Alex, in this post, posits a hypothetical literary case:
Suppose a certifiably authentic new Shakespeare play is discovered. The text is mostly intact, but it's water-damaged in a few places, and some lines need to be guessed at. Perhaps large parts of it use some kind of shorthand which must be deciphered, but once the method is figured out it's all perfectly clear. Perhaps parts of the play were scattered all over the globe and it took a scholar many years to assemble them. When it's all put together, ... it's a ragingly magnificent tragedy on the level of Hamlet....
and then asks the question:
[W]ould the scholar [then] dare to claim copyright?
Alex guesses the scholar wouldn't because the play is certifiably written by Shakespeare.

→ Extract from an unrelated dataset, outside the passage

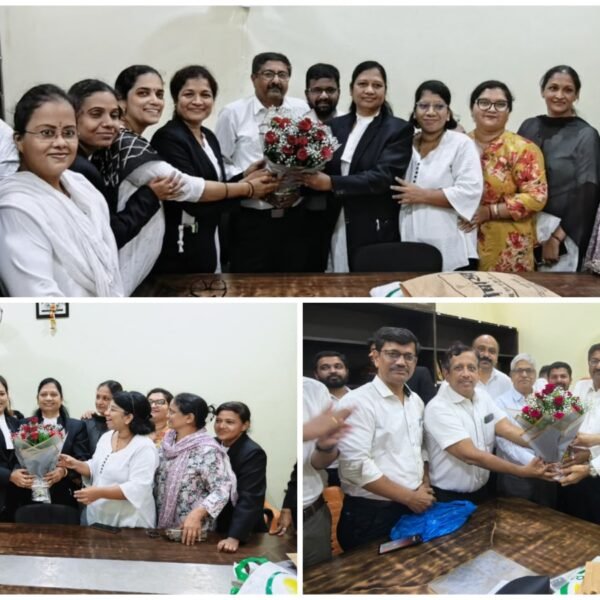 कणकवली तालुका बार असोसिएशनच्या अध्यक्षपदी ॲड. राजेश परुळेकर, उपाध्यक्षपदी ॲड रेखा सावंत यांची निवड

But, applying the above principles of British copyright law, the scholar would have to be an idiot to not secure, then claim and enforce copyright status for his work; copyright to which, as a matter of law, his work would be entitled.
And, finally, on the matter of a copyright owner being referred to as the work's "author", that's nothing to get riled up about as it's merely a legal designator, and in the case of an edition of an existing work, refers only to the "authorship" of the copyright edition, not the underlying original work.
Update (1:02 PM Eastern on 24 May): Alex Ross, his busy schedule notwithstanding, has entirely too much time on his hands.